Transgender military service ruling

On Oct. 30, a US federal judge blocked the Trump administration’s proposed ban on transgender troops in the military, ruling the policy was inherently discriminatory, based on “disapproval of transgender people generally.” In her explanation, judge Colleen Kollar-Kotelly said she could not permit the ban to move forward in part because of the president’s tweets, which she said undermined the government’s case that the new military policy was about national security.

The judge wrote:

The president abruptly announced, via Twitter—without any of the formality or deliberative processes that generally accompany the development and announcement of major policy changes that will gravely affect the lives of many Americans—that all transgender individuals would be precluded from participating in the military in any capacity. These circumstances provide additional support for plaintiffs’ claim that the decision to exclude transgender individuals was not driven by genuine concerns regarding military efficacy.”

The sentencing of Bowe Bergdahl

An Army judge said on Oct. 30 at a hearing in Fort Bragg, North Carolina that the US president’s previous comments on Bowe Bergdahl, the service member who walked off his base in Afghanistan in 2009 and was later captured by the Taliban, could result in a lesser sentence.

On Twitter and during the 2016 presidential campaign, Trump repeatedly called Bergdahl a traitor and deserter, and expressed disdain for the Obama administration’s decision to gain his freedom through a controversial prisoner swap.

Bergdahl faces up life in prison after he pleaded guilty earlier this month to charges of desertion and endangering the troops who were sent to rescue him. “I will consider the president’s comments as mitigation evidence as I arrive at an appropriate sentence,” judge Col. Jeffery R. Nance said, per the New York Times (paywall).

Travel ban blocked

One of Trump’s signature campaign promises included a call for a ban on all Muslims entering the US.

On Twitter, in many a speech going back to 2015, and in a statement on his campaign website (which was later deleted), Trump said he was “calling for a total and complete shutdown of Muslims entering the United States until our country’s representatives can figure out what is going on.”
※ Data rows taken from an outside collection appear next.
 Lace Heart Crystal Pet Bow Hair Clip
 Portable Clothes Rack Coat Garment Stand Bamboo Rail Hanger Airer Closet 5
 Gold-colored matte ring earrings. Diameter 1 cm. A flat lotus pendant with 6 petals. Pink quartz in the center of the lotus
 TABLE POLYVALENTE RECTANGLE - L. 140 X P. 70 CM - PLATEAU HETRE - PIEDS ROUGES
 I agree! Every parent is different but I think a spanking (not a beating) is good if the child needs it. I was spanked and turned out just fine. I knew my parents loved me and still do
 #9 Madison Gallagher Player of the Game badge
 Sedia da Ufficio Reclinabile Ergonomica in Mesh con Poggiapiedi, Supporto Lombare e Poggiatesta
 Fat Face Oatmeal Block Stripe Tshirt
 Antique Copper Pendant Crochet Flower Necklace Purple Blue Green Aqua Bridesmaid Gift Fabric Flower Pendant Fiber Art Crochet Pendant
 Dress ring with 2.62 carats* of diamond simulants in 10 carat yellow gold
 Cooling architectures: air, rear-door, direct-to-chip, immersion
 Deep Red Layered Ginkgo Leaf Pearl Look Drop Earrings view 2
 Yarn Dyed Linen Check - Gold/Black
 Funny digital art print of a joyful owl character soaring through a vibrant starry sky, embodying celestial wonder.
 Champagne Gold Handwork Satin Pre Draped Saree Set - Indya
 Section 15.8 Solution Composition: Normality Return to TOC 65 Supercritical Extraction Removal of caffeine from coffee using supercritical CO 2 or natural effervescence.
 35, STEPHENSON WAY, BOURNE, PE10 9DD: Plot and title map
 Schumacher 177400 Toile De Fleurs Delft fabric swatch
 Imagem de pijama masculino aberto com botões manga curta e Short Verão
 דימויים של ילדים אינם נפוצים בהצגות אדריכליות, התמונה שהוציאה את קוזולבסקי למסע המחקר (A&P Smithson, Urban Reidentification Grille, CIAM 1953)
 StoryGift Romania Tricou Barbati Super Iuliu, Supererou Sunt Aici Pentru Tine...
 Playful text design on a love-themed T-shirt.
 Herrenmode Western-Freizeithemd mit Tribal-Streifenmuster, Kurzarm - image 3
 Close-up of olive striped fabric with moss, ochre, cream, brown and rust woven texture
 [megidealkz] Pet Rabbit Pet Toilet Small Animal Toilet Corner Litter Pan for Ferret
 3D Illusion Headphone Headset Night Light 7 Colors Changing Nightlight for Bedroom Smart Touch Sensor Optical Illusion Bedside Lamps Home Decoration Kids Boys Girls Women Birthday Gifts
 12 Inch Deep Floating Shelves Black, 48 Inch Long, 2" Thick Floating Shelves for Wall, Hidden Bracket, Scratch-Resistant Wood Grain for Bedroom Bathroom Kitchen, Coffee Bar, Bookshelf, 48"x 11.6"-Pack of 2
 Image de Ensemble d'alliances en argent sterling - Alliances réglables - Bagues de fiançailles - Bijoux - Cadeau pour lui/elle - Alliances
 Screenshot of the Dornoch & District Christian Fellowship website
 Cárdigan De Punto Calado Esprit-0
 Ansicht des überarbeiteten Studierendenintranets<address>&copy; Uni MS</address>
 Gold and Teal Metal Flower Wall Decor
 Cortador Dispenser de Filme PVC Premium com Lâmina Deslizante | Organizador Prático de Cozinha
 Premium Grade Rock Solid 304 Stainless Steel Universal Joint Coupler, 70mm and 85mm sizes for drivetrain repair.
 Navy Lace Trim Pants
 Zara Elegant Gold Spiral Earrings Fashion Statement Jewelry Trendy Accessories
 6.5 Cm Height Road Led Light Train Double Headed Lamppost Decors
After his inauguration in January, Trump issued the promised executive order, which would temporarily bar travelers from the Muslim-majority countries of Iraq, Iran, Syria, Yemen, Libya, Sudan, and Somalia for 90 days, stop the country’s refugee resettlement program for 120 days, and indefinitely suspend the resettlement of Syrian refugees.

On Jan. 28, a federal judge in New York blocked the order. The administration put forward a revised travel ban in March, which was also blocked by judges in Maryland and Hawaii.

In the rulings staying both proposed travel bans, the judges involved cited the president’s tweets as influencing their decision to rule against him.

“Indeed, the president recently confirmed his assessment that it is the ‘countries’ that are inherently dangerous, rather than the 180 million individual nationals of those countries,” the court wrote in its June opinion.